2021 was a year of political upheaval and continued global disconnect for Nepal, but it was also a year of economic recovery. Nepal saw the fury of COVID-19 in May 2021 when it reeled under a shortage of oxygen and medical supplies, queues at cremation centres and thousands of lost lives. By the middle of December 2021 nearly 12,000 people had died of COVID-19, more than had died as a result of the 7.8 magnitude earthquake in 2015. Sujeev Shakya specially for the East Asia Forum.
When 2021 began, it was unclear whether caretaker Prime Minister Khadga Prasad Sharma Oli — who had just come to office after parliament was dissolved in December 2020 — would last. In February 2021, the Supreme Court overturned the verdict that had let to Oli’s prime ministership. In May, the President Bidya Devi Bhandari again ordered the house to be dissolved. Parliamentarians who opposed this move took their case to the Supreme Court which overturned the President’s decision, warned the President not to meddle, and appointed Sher Bahadur Deuba of the Nepali Congress as Prime Minister. Parliament was non-functional for much of the year.

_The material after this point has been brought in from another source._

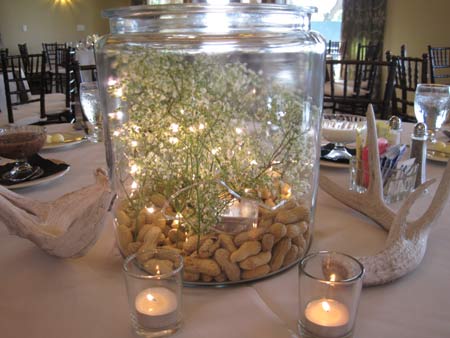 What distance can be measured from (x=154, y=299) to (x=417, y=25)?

Deuba leads a fragile coalition comprised of people opposed to Oli and includes former prime ministers Pushpa Kamal Dahal and Madhav Kumar Nepal. It took Deuba three months to expand the cabinet which had barely started functioning when the annual festive season of Dasain and Tihar began. With major political party conventions in November and December, the focus was on selecting new leadership amid internal squabbles, lobbying, and upcoming elections.
Nepal’s relationship with India remained sour in 2021 due to territorial disagreements. Challenges in trade and transit continued to hog headlines, and Nepalese trade with China was impacted by COVID-19 and other natural calamities like floods and landslides. Now it appears that border disagreements have emerged with China as well for the first time since 1960, and this may have contributed to a lack of progress in Belt and Road investments last year.
Things aren’t looking great for the United States–Nepal relationship either. Public controversy over a US Millennium Challenge Corporation grant of US$500 million emerged with many opposing this grant alleging it to be a security sell-out to US. The lack of political will to implement an agreement signed between the two countries in 2017 clearly demonstrated the difficulties for Washington in working with Kathmandu.
Nepal’s relationships with other countries were limited to pleasantries at national holidays as Nepal recalled many appointed ambassadors. However, the country continues to enjoy people-to-people support in many countries around the world — medicine, medical equipment, oxygen and vaccines poured in during the second wave of COVID-19 in May.
The Nepali economy weathered the pandemic better than many others. With the exception of revenue from international tourists, all other economic activities continued mostly unbated. Remittances that come to Nepal from formal and informal channels increased. When formal remittances were down, remittances came in from of gold, through informal channels as imports surged and air travel resumed.
The performance of banks improved compared to 2020 deposits and credit grew from US$38 billion to US$46 billion by November 2021. The stock exchange saw record volumes and prices with total market capitalisation increasing from US$24 billion in October 2020 to US$30 billion in November 2021 with daily volumes peaking at US$150 million.
Imports and consumption showed signs of recovery as spending on festivities, social functions and religious functions picked up. Land prices ballooned and construction activities returned to pre-pandemic levels. The number of people departing for foreign education and jobs also started to recover as physical movement of people resumed in the latter half of the year. The hardly functioning government ensured weak regulation, promoting economic activity.
2022 will be an election year and the prelude of election activities has been visible at party conventions. It will be a year that sees more businesspeople enter the political arena and more politicians develop private sector alliances. It remains to be seen what new promising faces in politics emerge.
As far as the economy is concerned, Kathmandu needs to increase spending to manage the temporary liquidity crunch. It will be interesting to see whether the government will be able to implement reforms to attract international investment or whether policymakers will let protectionism proliferate. And of course, we will have to wait to see how damaging Omicron will be for Nepal’s economic activities.
Sujeev Shakya is the founding CEO of Kathmandu-based consulting firm Beed Management, Senior Advisor for Nepal and Bhutan at BowerGroupAsia and Chair of the Nepal Economic Forum. He is author of Unleashing Nepal (Motilal Penguin India 2009) and Unleashing the Vajra (India Viking 2019).